Measuring the Business Impact of Site Speed


Oct 16, 2017


Before jumping into the topic, a little bit of background. I'm a techie who has worked on software speed for a decade. Trying to get software to run faster, I have often wondered how fast my site needs to run? Ofcourse, faster the better. But in a constrained world of effort versus gain, is it alright if it loads in five seconds and not three? Or two? What am I leaving on the table by not making it load faster?


Tools like Webpage Test help me test my site on various devices, connections and geolocations. PageSpeed Insights and Browser developer tools let me peek under-the-hood to understand what's causing the slowness. But, how fast does it need to load?


I know a Google study says that "53% of visits are abandoned if a mobile site takes longer than three seconds to load". That is a valuable guideline. But how do I calculate the business impact of site speed for my site from that guideline? Does that 53% abandonment rate apply to my site? How many of my visitors experience my site in three seconds?


Here's how, I think, we can track and analyze speed data for our site to try answer the above questions.

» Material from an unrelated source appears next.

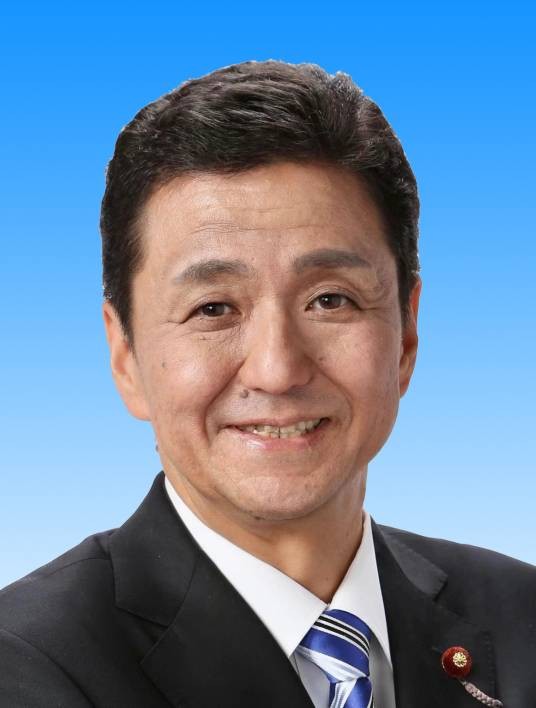 岸信夫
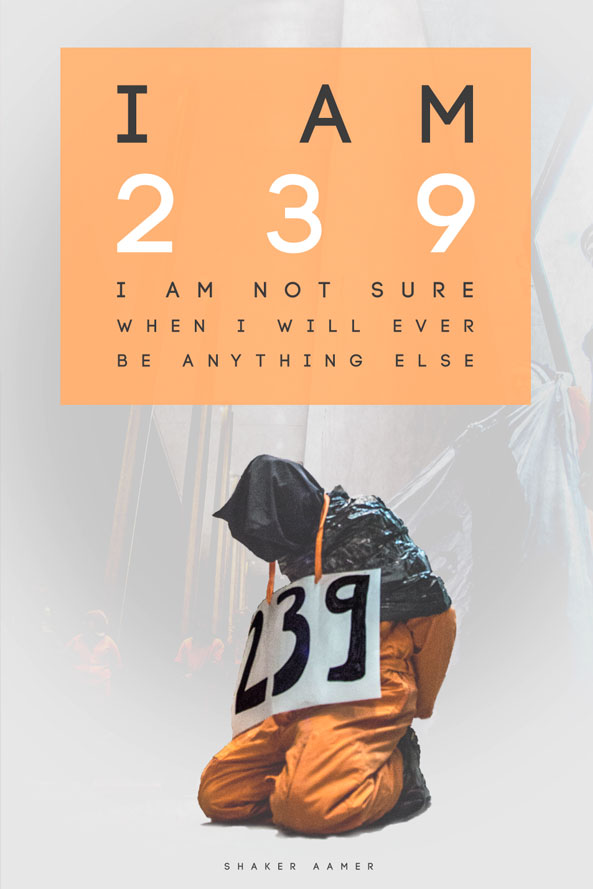 Poster: I Am 239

Page Visits and Conversions distributed by Page Speed


Now, remember that our site doesn't load up at the same speed for all our visitors due to factors like device, connection type, geolocation and what not. So, if we can slice our conversions by our visitors' speed experience for a given period, we can:

  • Find out the speed that is optimal for our visitors and our conversion rate at that speed
  • Measure the conversions we are losing to visitors who experience our site slower than that optimal speed

Armed with the above numbers, we can say something like this: "If we optimize our site speed to load faster by x seconds for y users, we can potentially gain z conversions". Such a quantification can help us make following data-driven decisions:

  • Prioritize site speed optimization adequately amidst a dozen other conversion optimization tasks
  • Know the target site speed to aim for (based on effort versus gain numbers)

If you can't measure it, you can't improve it.



Ofcourse, we'll then need to analyze what kind of of visitors are experiencing slowness. Why are they experiencing slowness. We'll also need to make sure we track and compare the right speed and conversion metric. But, once we start measuring the loss of revenue due to slowness, we'll start making data-driven decisions towards site speed optimization.